# A good day made even better!!!



## ctiicda (Jun 19, 2008)

So I got home today to see one of the shipments I ordered made it in... here are a couple pics. 2 more shipments to go


----------



## karmaz00 (Dec 5, 2007)

very nice


----------



## tcampbel (Jan 20, 2008)

Very nice. That's a humidor filler right there, and you have two more shippments? I am quite impressed.


----------



## PV1191 (Dec 9, 2007)

Those look outstanding! Mighty fine choices there!


----------



## happy1 (Jun 29, 2007)

Great smokes!!let me know how the cohibas are,ashamed to say never had 1


----------



## smokinj (Jan 16, 2008)

Great stuff right there Charles


----------



## MikeGates (Aug 22, 2008)

Wow very nice! Keep us posted on the other shipments!


----------



## koolhandk (Dec 17, 2007)

Dang Charles for a full time student you sure are well supplied :dribble: when I was in grad school I had maybe four cigars in my little desktop humi at any given time. Oh how I have grown.


----------



## Rocky Rulz (Jan 5, 2008)

That is absurd!. It is shameful, and selfish!. Damn I wish they were mine!


----------



## TravelingJ-cl (Jun 20, 2008)

Those look delicious!


----------



## Toasted Coastie (Feb 16, 2008)

Oh now come on guy. Show off....


----------



## Wunderdawg (May 1, 2008)

Very nice. Bombing material? I hope?...lol


----------



## marquelcg (Jul 19, 2008)

such a nice site!!!!!!!!!


----------



## cboor001 (Aug 6, 2008)

Nice Charles... you are now making everyone's mouth water... Behave yourself


----------



## GotaCohiba (Aug 20, 2007)

May sound weird, but I would rather have the psd4's than any Cohiba I've smoked to date.
Don't get me wrong I love Cohiba's ,but there's just something about the psd4's that keep them coming to my house.


----------



## Bullybreed (Jun 25, 2007)

im haven dejavu.....sweet pick up


----------



## ngetal (Jul 6, 2008)

nice buncha goodies... enjoy


----------



## ctiicda (Jun 19, 2008)

GotaCohiba said:


> May sound weird, but I would rather have the psd4's than any Cohiba I've smoked to date.
> Don't get me wrong I love Cohiba's ,but there's just something about the psd4's that keep them coming to my house.

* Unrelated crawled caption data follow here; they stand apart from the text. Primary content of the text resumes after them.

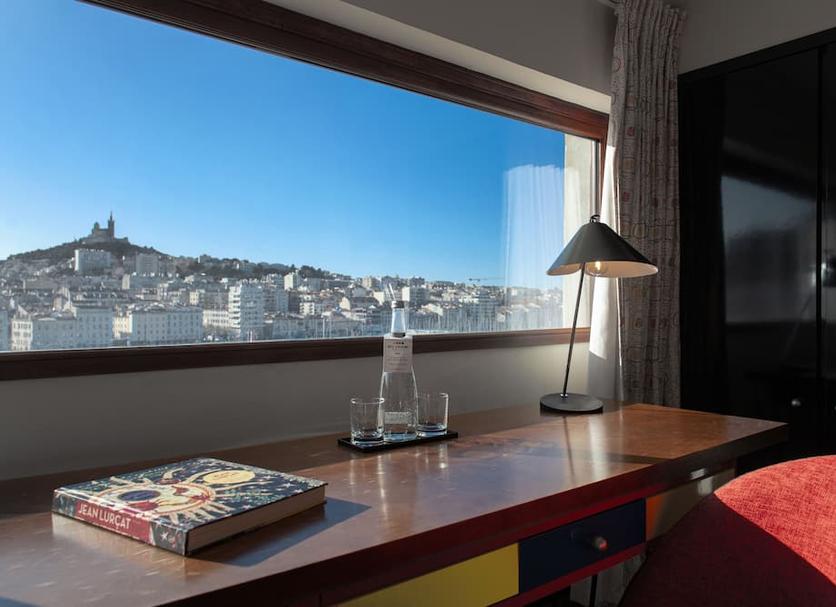 Comodidade do quarto Foto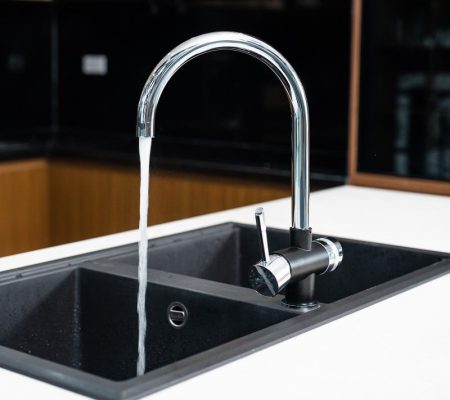 Vòi rửa bát ba đường nước Konox Trim-Water Black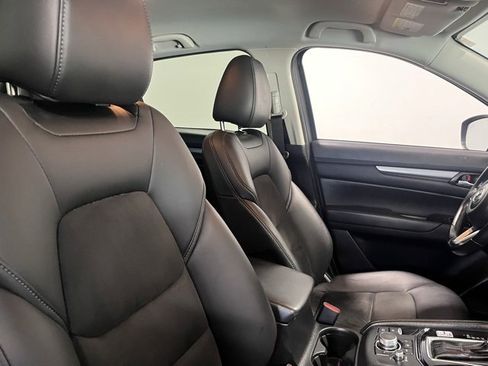 Used 2019 MAZDA CX-5 Touring image 11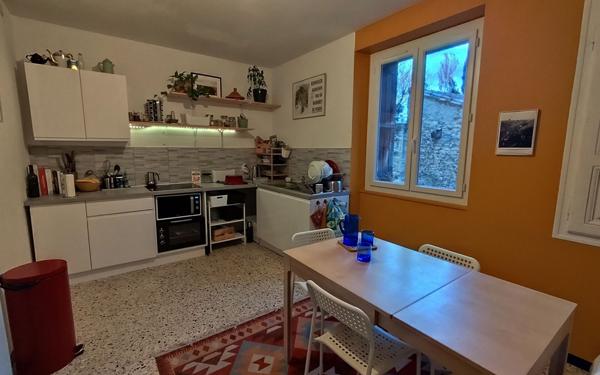 Appartement à vendre    4 pièces • 96 m2 Remoulins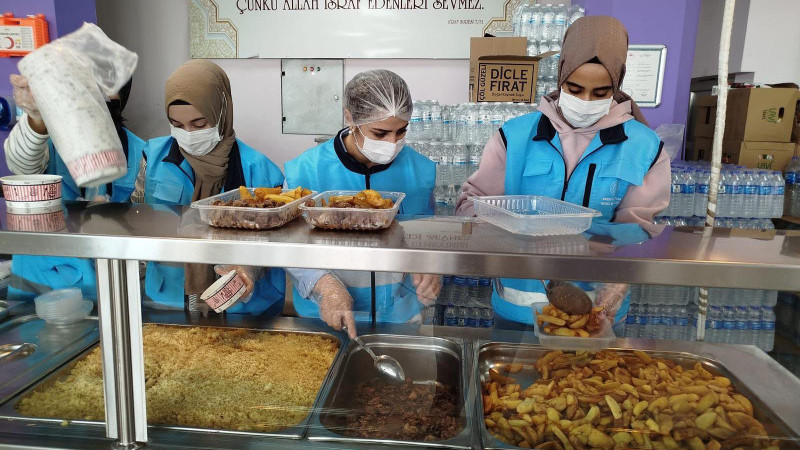 ‘KOMŞUM’ PROJESİYLE HEDEF 300 AİLEYE 10 BİN YEMEK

Those are the Cohiba maduro i had never had them before so wanted to try... the psd 4 is great those are actually leaving me tomorrow


----------



## jitzy (Jan 7, 2007)

Bullybreed said:


> im haven dejavu.....sweet pick up


you and Charles are killing me with those maddy cohibas:brick:


----------



## Bullybreed (Jun 25, 2007)

the diplo #2's are one of my favorites, they age really well


----------



## ctiicda (Jun 19, 2008)

Bullybreed said:


> the diplo #2's are one of my favorites, they age really well


will let u know i ordered all new stuff except the monte 2 and psd4.. the rest i have not smoked.


----------



## LkyLindy (Feb 1, 2008)

Muy bien amigo


----------



## Redbeard (Aug 7, 2006)

rad smokes !


----------



## sofaman (Jun 20, 2007)

Bullybreed said:


> the diplo #2's are one of my favorites, they age really well


I will 2nd that:biggrin: Great pickup Charles!!!


----------



## big04deuce (May 16, 2008)

Nice delivery there Charles!!!:dribble::dribble::dribble:


----------



## zachattack 843 (Aug 24, 2008)

sweet


----------



## ssuriano (Aug 24, 2008)

Wow, that would make my day better too.


----------



## CGARMAN23 (May 16, 2008)

Looking good Charles


----------



## DOZER (Sep 30, 2007)

Nice pickup!


----------



## eggwhites (Apr 20, 2008)

oh wow! You sure know how to spend some $$$


----------



## WarHorse (Apr 11, 2007)

Wow....


----------



## EKGOTSKILLZZ (Jun 17, 2008)

O M F G !


----------



## azpostal (Jul 12, 2008)

Awesome...let me know about those maduros been wanting to order some but need a good review before I spend that much


----------



## amateurke (Mar 28, 2008)

Nice stuff there Charles!!


----------



## Cypress (Jun 27, 2007)

Dang you are killing us with the bombs and the pick ups.


----------



## ctiicda (Jun 19, 2008)

Cypress said:


> Dang you are killing us with the bombs and the pick ups.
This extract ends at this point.